We’ve Got to Shut Off the Internet for One Day Each Week
Summary
A rider with a bold proposal thinks society needs to shut off the internet one day a week, and he's dead serious about it. Sunday's the day, just like Chick-fil-A closing for the Lord. Kareem pushes back on the logistics (what about checking bank balances?), but the stranger insists our brains aren't built to handle infinite content. It's melting our faces. The conversation spirals into DVD collections, with the rider declaring you only need four movies to survive: Heat, Casino, Notting Hill, and I Know What You Did Last Summer. Kareem reminds him about Big. Fair point. Maybe the internet stays on for ninety minutes so Tom Hanks can dance on that piano.
Full Transcript
So what's your take? We got to shut the internet off one day a week? 100% disagree. I don't care—you're crazy. Doesn't matter to me. Every single week, we need one day where it's not on. NP Sunday, shut it off. Nope. Ban for brains, cancel for Christ. I don't care what the reason is, but we cannot deal with this as a society. Our brains are not meant to be able to look at every book, hear every song. You can—even, you know, Spotify. We are not built for this. It's melting our faces. You want to just keep cooking your head? No, I—I think it's good. Like, what, what day? How are we going to agree that Sunday is the day? Like, I need Chick-fil-A. Did it. If Chick-fil-A can close on Sundays, we can pull the button on the internet for one day. One day.
Day? Yes, exactly. Yeah, I want to listen to the Lord. You don't want to listen to the Lord? The lady, the lady from New Zealand or whatever? Yes. I want to listen to the Lord on Sundays. I can't shut the internet off. I want to shut the internet off. Get a book. For what? For what? Instagram? You don't need Instagram. I want to check my bank balance. You go to the bank's. Are closed. Think about it. No, they're not. No, they're not. They got like two. They're open for like two hours. They're open for like two hours. Shut your in off for one day a week. Monday, Tuesday, Wednesday. Stop melting your brain. Pick up a book. Why do you keep saying melting people? Because we don't live in one reality anymore. And you think taking Sundays off is going to help?
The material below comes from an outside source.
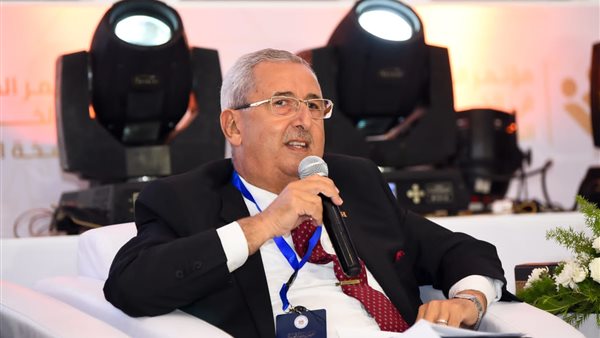 الدكتور محمد حلمي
It's a slow progression into a decent society yet again. 'Cause I would love—I'd love two days a week, but I wanted to start uh, soft. I'd love a Sunday and a Wednesday. How am I going to watch TV? You can watch a DVD. Remember those? You get a Blu-ray, and then I got to have a DVD collection. You need like four movies. You need Heat, Casino, Notting Hill, and I Know What You Did Last Summer. Those are the four movies you can have in your house to get through an entire day that doesn't have the internet. You forgot about Big. Oh, Big's good. You forgot Big? Yeah, Big's good. And and I'll say this: if Big is only on the internet and you don't have a physical copy, then maybe use the internet that day for one and a half hours to watch Tom Hanks dance on a piano. Thanks, Dad.